Pour le moment, ni le directeur de l’hôpital général de Lamia ni le ministre de la santé n’ont daigné répondre à la lettre ouverte des médecins de Dimitris Koufontinas. Pour ajouter à cette torture mentale et physique, le Comité central des transferts (KEM) n’a pas pris le temps de décider, hier, du transfert ou pas de Dimitris Koufontinas dans sa première prison, celle de Korydallos à l’ouest d’Athènes. Bien que l’urgence de cette réponse soit notoirement connue vu l’état de santé du gréviste de la faim et de la soif, la présidente du KEM n’a pas trouvé utile de se dépêcher. Elle promet une réponse « dans les prochains jours », provoquant la colère des soutiens du prisonnier qui peut mourir d’un moment à l’autre. La présidente du KEM, Sofia Nikolaou, est aussi la secrétaire générale de la politique anti-criminalité, membre du parti de droite Nouvelle Démocratie et proche du premier ministre grec, Kyriakos Mitsotakis. Concernant l’état de santé du gréviste de la faim et de la soif, elle a répondu aux journalistes : « Nos médecins veillent sur lui, ils ne le laisseront pas mourir. Ils l’ont déjà réanimé une fois, ils le referont si nécessaire. Hier, après l’avoir réanimé, nos médecins n’ont pas eu besoin de le forcer pour lui administrer le sérum, car il a finalement accepté. Mais si nécessaire, ils lui administreront contre sa volonté. Ce n’est pas à lui de décider. »
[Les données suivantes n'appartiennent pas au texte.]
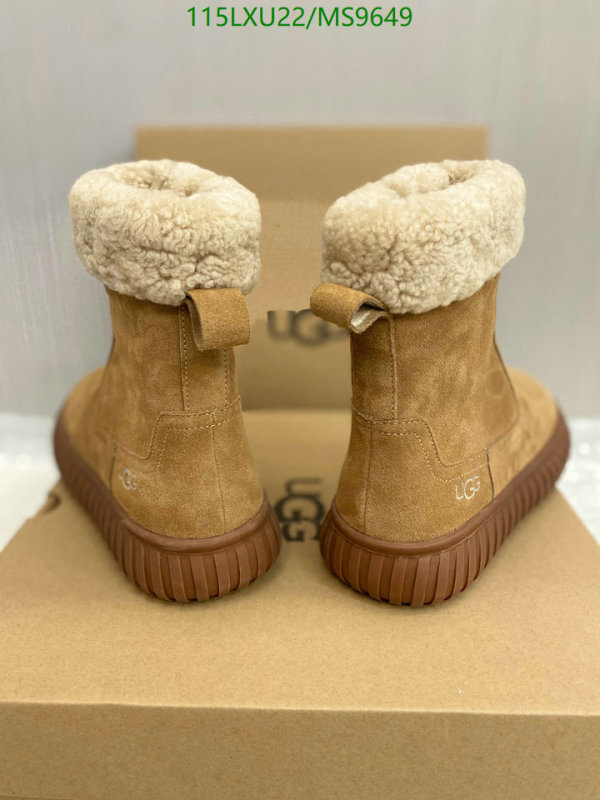 Women Shoes-Boots Code: MS9649 $: 115USD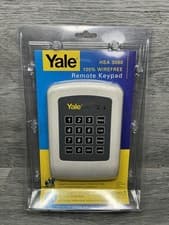Image of Yale HSA3080 Wireless Remote Keypad - Brand New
Le fils de Koufontinas arrêté à l’instant

À l’instant, le nouveau rassemblement place du Syntagma, devant le parlement, vient d’être violemment réprimé et dispersé par la police. Ektoras, le fils de Dimitris déjà privé du droit de voir son père, vient d’être brutalement embarqué par les flics* parmi d’autres manifestants pourchassés. Des affrontements ont lieu actuellement dans plusieurs rues d’Athènes. Par son acharnement, ses provocations et sa férocité, le gouvernement pourrit quotidiennement la situation. Une attitude qui pourrait bientôt se retourner contre lui, car la révolte gronde en Grèce.